Conformément aux dispositions de l’article 455 du code de procédure civile, la cour se réfère, pour un plus ample exposé des moyens et prétentions des parties, à leurs conclusions écrites précitées.
MOTIFS DE LA DÉCISION
Aux termes de l’article 1534 du code de procédure civile, dans sa rédaction issue du décret n° 2025-660 du 18 juillet 2025, applicable au litige, 'le juge saisi du litige peut, même en référé, après avoir recueilli l’accord des parties, désigner un conciliateur de justice ou ordonner une médiation. La conciliation ou la médiation peut porter sur tout ou partie du litige. La décision interrompt le délai de péremption de l’instance jusqu’à l’issue de la conciliation ou de la médiation'.
Selon l’article 1534-4 du même code, la durée initiale de la mission de médiation ne peut excéder cinq mois.
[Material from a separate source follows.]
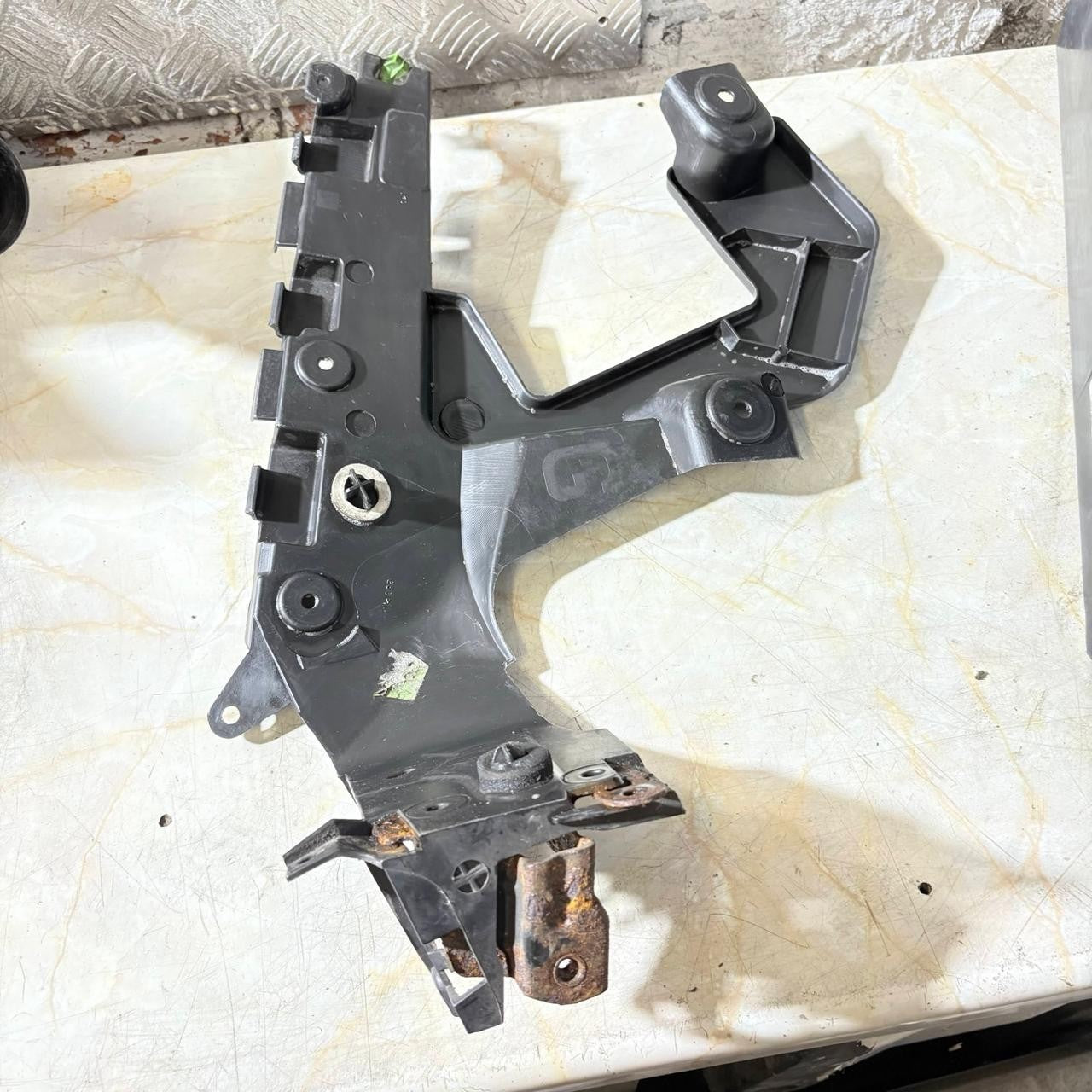 8200228452 RENAULT SCENIC NEAR SIDE REAR BUMPER MOUNT
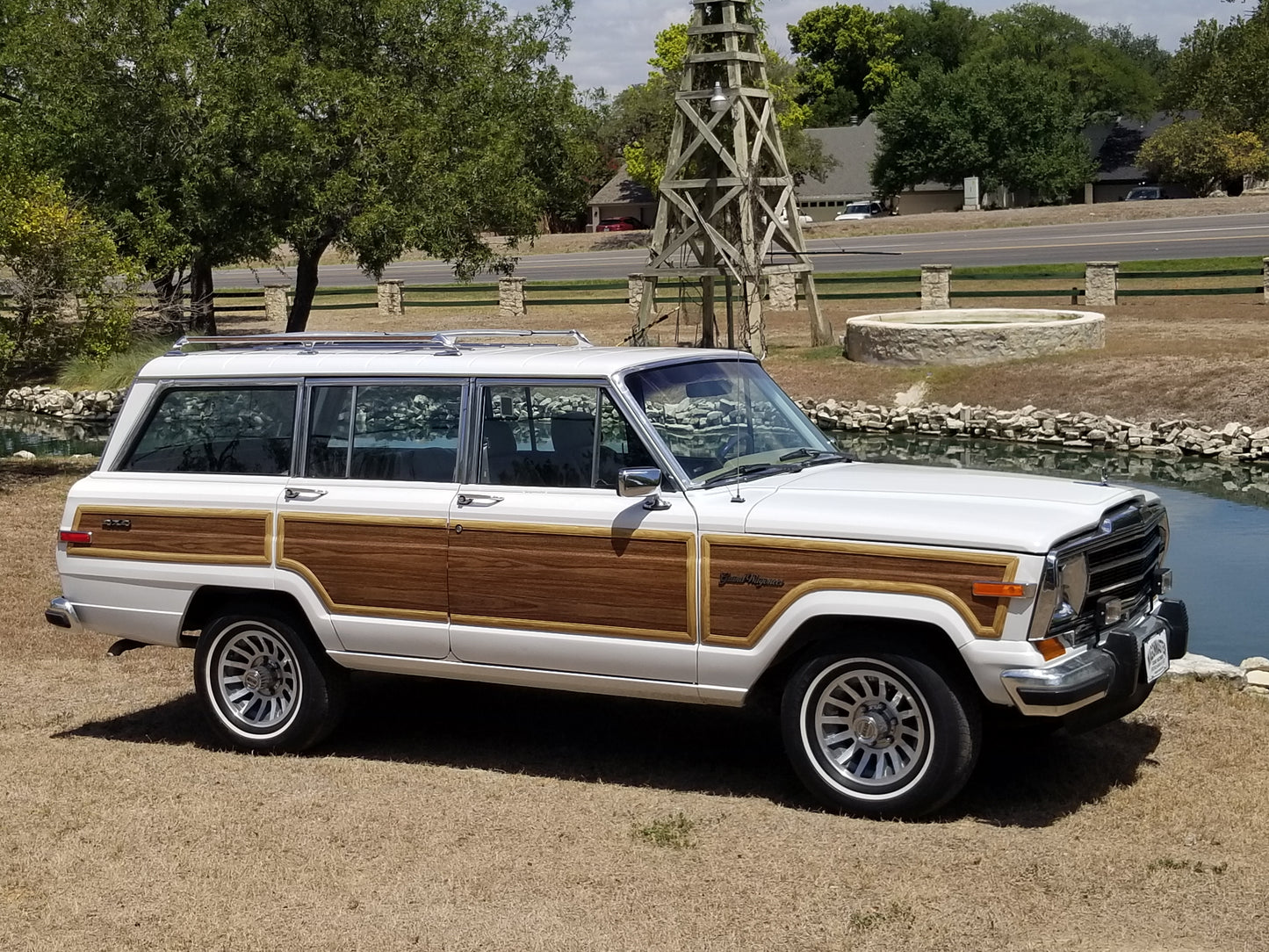 1991 - FINAL EDITION - JEEP GRAND WAGONEER - 4X4 - Wh #2175 - HOLD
Cette mission peut être prolongée une fois, pour une durée de trois mois, à la demande du médiateur.
En l’espèce, les parties ont fait part de leur accord pour une médiation.
Il y a lieu, en conséquence, d’ordonner une telle mesure dans les conditions précisées au dispositif, aux frais partagés des parties.
L’ensemble des demandes et les dépens sont réservés.
PAR CES MOTIFS
La cour, statuant publiquement et contradictoirement, par décision avant dire droit,
ORDONNE une médiation ;
DÉSIGNE M. [J] [W]
Médiateur inscrit sur la liste de la cour d’appel de Lyon
Demeurant : [Adresse 4]
Téléphone : [XXXXXXXX03]
Courrier électronique : [Courriel 7]
en qualité de médiateur avec la mission suivante :
— réunir et entendre les parties ainsi que leurs conseils,
— après avoir pris connaissance de tous éléments utiles, par la confrontation et le rapprochement de leurs points de vue respectifs suivant un processus à déterminer ensemble, permettre aux parties de trouver par elles-mêmes une solution au conflit qui les oppose en les aidant dans l’élaboration d’un accord ;
DIT que, sauf prorogation dans les conditions de l’article 1534-4 du code de procédure civile, la mission du médiateur est d’une durée de quatre mois suivant la première réunion de médiation ;
FIXE à 1800 euros TTC la provision à valoir sur la rémunération du médiateur, somme qui devra être versée directement entre les mains du médiateur dans le délai de quinze jours suivant la date de cet arrêt, à raison de la moitié par chaque partie ;
RAPPELLE qu’à défaut de versement de la somme provisionnelle dans les conditions fixées et le délai imparti, la désignation du médiateur sera caduque et l’instance se poursuivra ;
RAPPELLE au médiateur désigné son obligation d’informer la cour des difficultés qu’il pourrait rencontrer dans l’accomplissement de sa mission, et qu’à l’expiration de celle-ci il devra indiquer à la cour par écrit si les parties sont ou non parvenues à trouver une solution au conflit qui les oppose ;
DIT que le rapport de fin de mission établi par le médiateur, qui ne fera pas état des propositions transactionnelles ayant pu éventuellement émaner de l’une ou l’autre des parties, sera remis à la cour sans délai ;
INVITE les parties à informer la cour des suites réservées au processus de médiation par la voie électronique ;
DIT que l’affaire sera rappelée à l’audience de mise en état du 09 juin 2026 ;
RÉSERVE l’ensemble des demandes et les dépens.